Sanatçı bir ailenin fertlerinden biridir. Abidin Dino'nun ağabeyidir. Ailesinde çok sayıda yazar, ressam, karikatürist ve gazeteci vardır. Öğrenimini yurtdışında yaptı. Boksör, aşçı, sinema oyuncusu, portre ressamı, grafiker, heykeltıraş, sanat eleştirmeni gibi geniş bir yelpazede çalıştı.
1929'da İstanbul'a geldi. 1942'de Alman Faşizmine karşı çıktıkları için küçük kardeşi Abidin Dino ile birlikte ikamete memur olarak cezalandırıldı. 1951'de döndüğü İstanbul'da 6 yıl sonra öldü.
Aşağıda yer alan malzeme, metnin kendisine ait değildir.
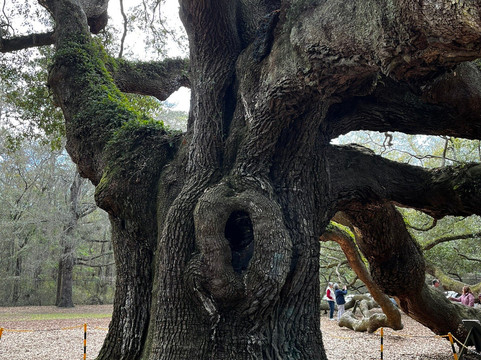 Angel Oak Tree-Johns Island必去景点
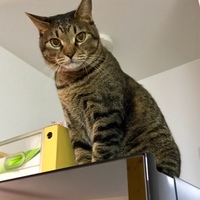 ごぼう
Hiç evlenmedi.
Fransızca yazdığı şiirleri Abidin Dino, Rasih Nuri İleri, Hür Yumer Türkçeye çevirdiler. Tüm şiirleri, desenleri ve ardından yazılanlar Adam Yayınları tarafından bir kitapta toplandı.
Bugün tatlı şeyler söylemek istiyorum. Tüm yokluğa, iç yalnızlığına, umutsuzluğa dikine giderek, karşı koyarak. Havadan sudan konuşur gibi. Kalemimin ve gönlümün isteğince.
Arif Dino ardında yazılı pek fazla şey bırakmamış olsa da, bu gün severek ve keyifle okuduğumuz pek çok yazarı ( başta Yaşar Kemal ) hem etkilemiş, hem desteklemiş ve geleceklerine çok büyük katkılar sağlamıştır. 1930 yılında " ECLOSİON " adıyla Paris'te Fransızca şiirleri yayınlanmıştır. Bu gün bilebildiklerimizin pek çoğu tanıklıklar sayesindedir. "Pek çok ceplerinden birinde dünyanın en arı, en güzel rengi saydığı için Çivit mavisini taşırken, bir diğerinde bir Rimbaud şiiri, bir diğerinde yürek hizasında 6 aydır açılmamış bir telgraf..." Ve bir şiiri ile noktalayayım sözlerimi;
Taştan mantar tarlası
Çok yaşasın ölüler.
İki mısralık bir şiir on yıldır zihnimde kendi kendine dolaşıyor. Arif Dino çok yönlü, büyük sanatçı. İstanbul bohemi Fikret Adil'i de unutmamak lazım.